The warrants center on the issue of sobresueldos,” or hidden double-salaries paid to public officials. Though the practise has spanned three decades of government, Roberto Burgos, coordinator of the Anti-Corruption Legal Advisory Center, told El Faro English that the arrests — and their attending hearings — are part of an “instrumentalization of the fight against corruption."
Colombia
Former Colombian soldiers who allegedly participated in the assassination of Haitian President Jovene Moïse earlier this month illustrates the country's role "as a recruiting ground for the global security industry — and its murkier, mercenary corners," reports the Associated Press.
Colombia approved exports of dried cannabis for medical and other industries, last week, the latest step the country's taken to develop its marijuana industry, reports Reuters.
Chile
Chile's Constitutional Convention representatives have established eight commissions so far as they inches towards a new national charter.
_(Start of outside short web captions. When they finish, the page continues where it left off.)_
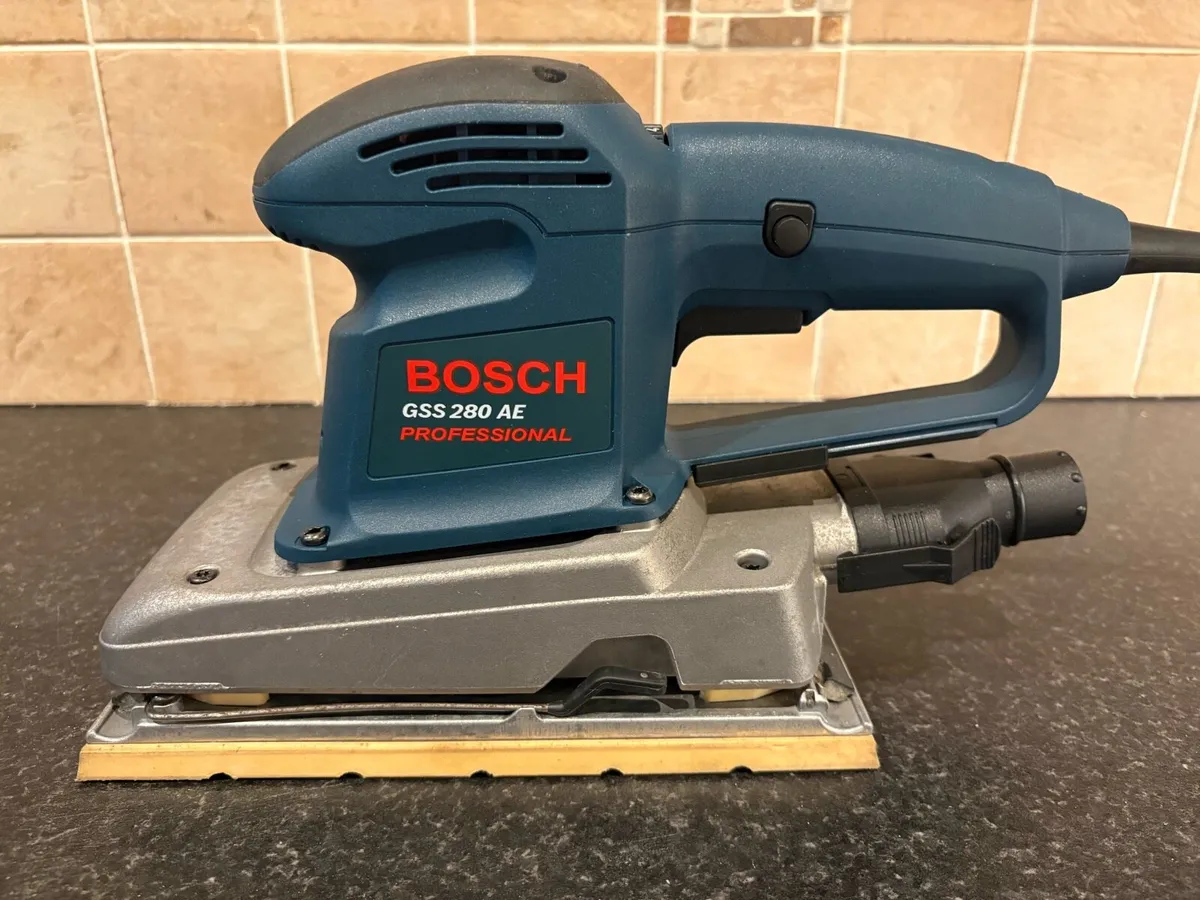 Bosch GSS 280 AE Orbital Sander 110V - Image 2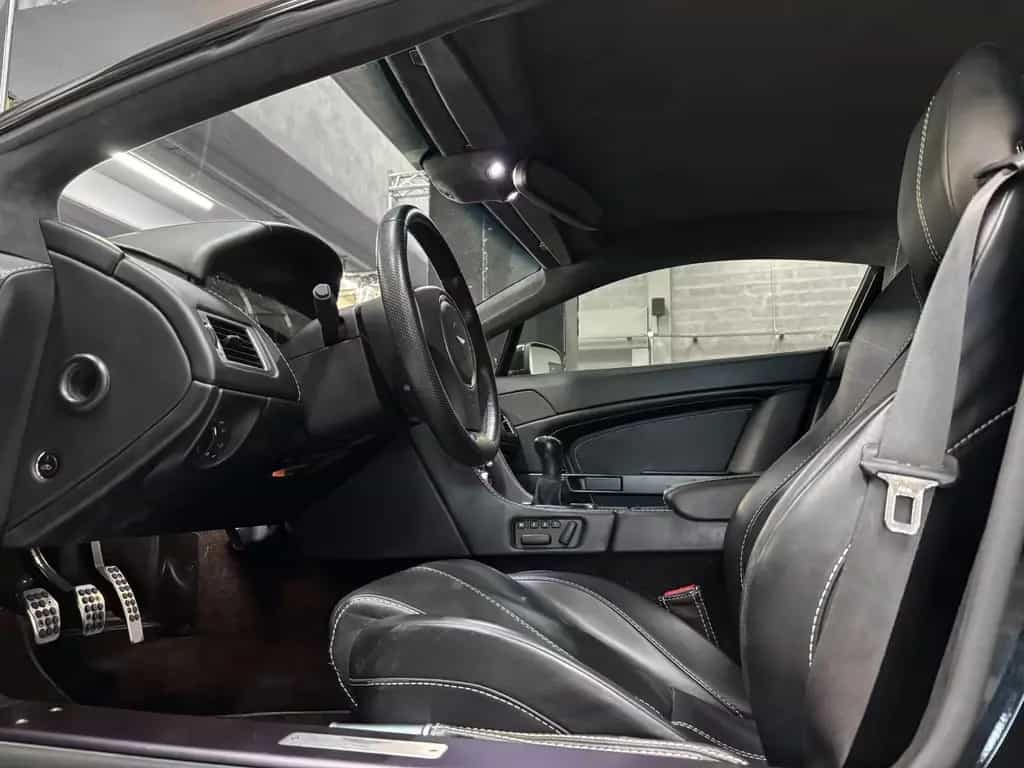Aston Martin V8 Vantage 4.7l ** MANUAL GEARBOX** 07/2008-photo-40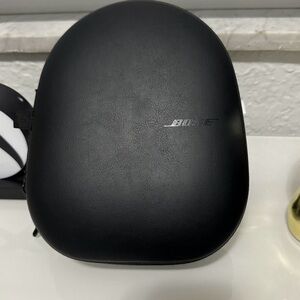Bose Headphones 700, Noise Cancelling Bluetooth Over-Ear Wireless Headphones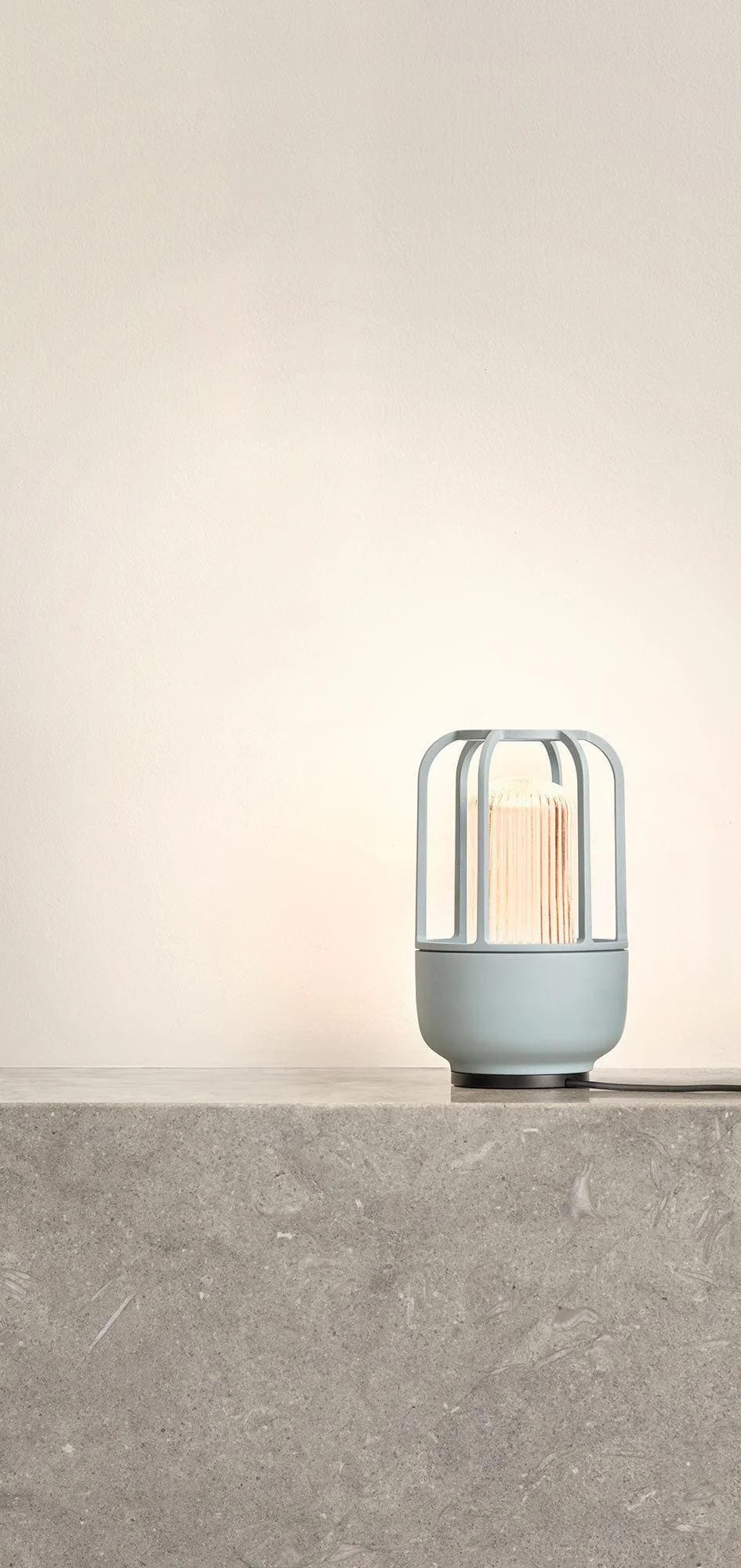 Light No 1 Ice Blue - Image 4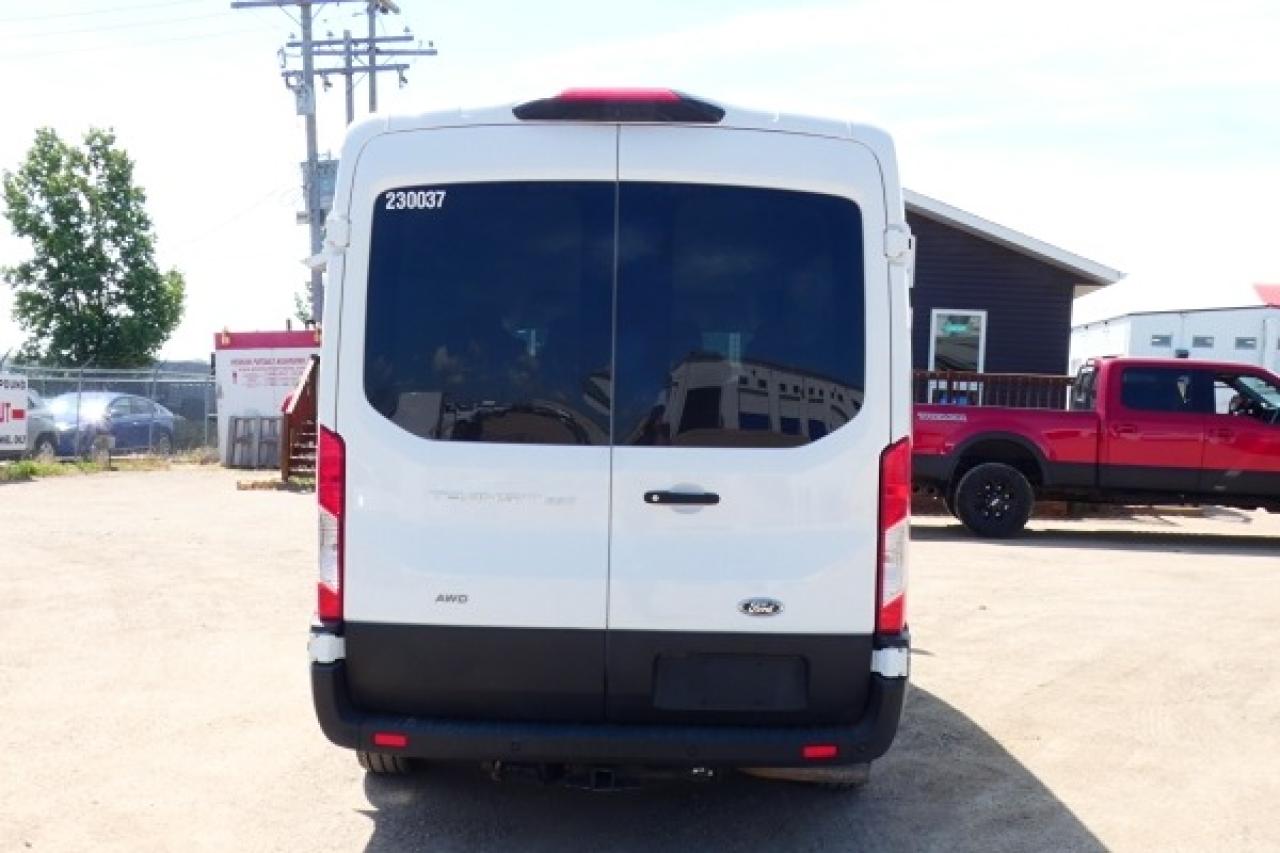 2023 Ford Transit T-350 Med Roof AWD 12 pass. van w/cloth seats - Photo #7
The commissions include "Human Rights, Historical Truth and Bases for Justice, Reparation and Guarantees of Non-Repetition" and "Participation and Indigenous Consultation." (LaBot Constituyente)
There have been predictable schisms between Indigenous representatives and the right, for example, but representatives have also shown fluid alliances that factor in a desire for balance or to remain within a strict interpretation of the Convention's mandate, reports LaBot Constituyente.
Chilean senate leader Yasna Provoste will run for president in the country's elections later this year. The Christian Democrat party member is part of the country's traditional center-left alliance, reports Bloomberg.
Lenguas
Variations in Spanish dialects complicate emergency messaging in the U.S., reports the Washington Post.
I'm back at the Daily Briefing helm -- thanks to Eduardo Romero's expert work, I am rested (at least from the LatAm news cycle) and ready to face whatever news (hopefully mostly good) that the region has to offer. Thank you so much to Eduardo!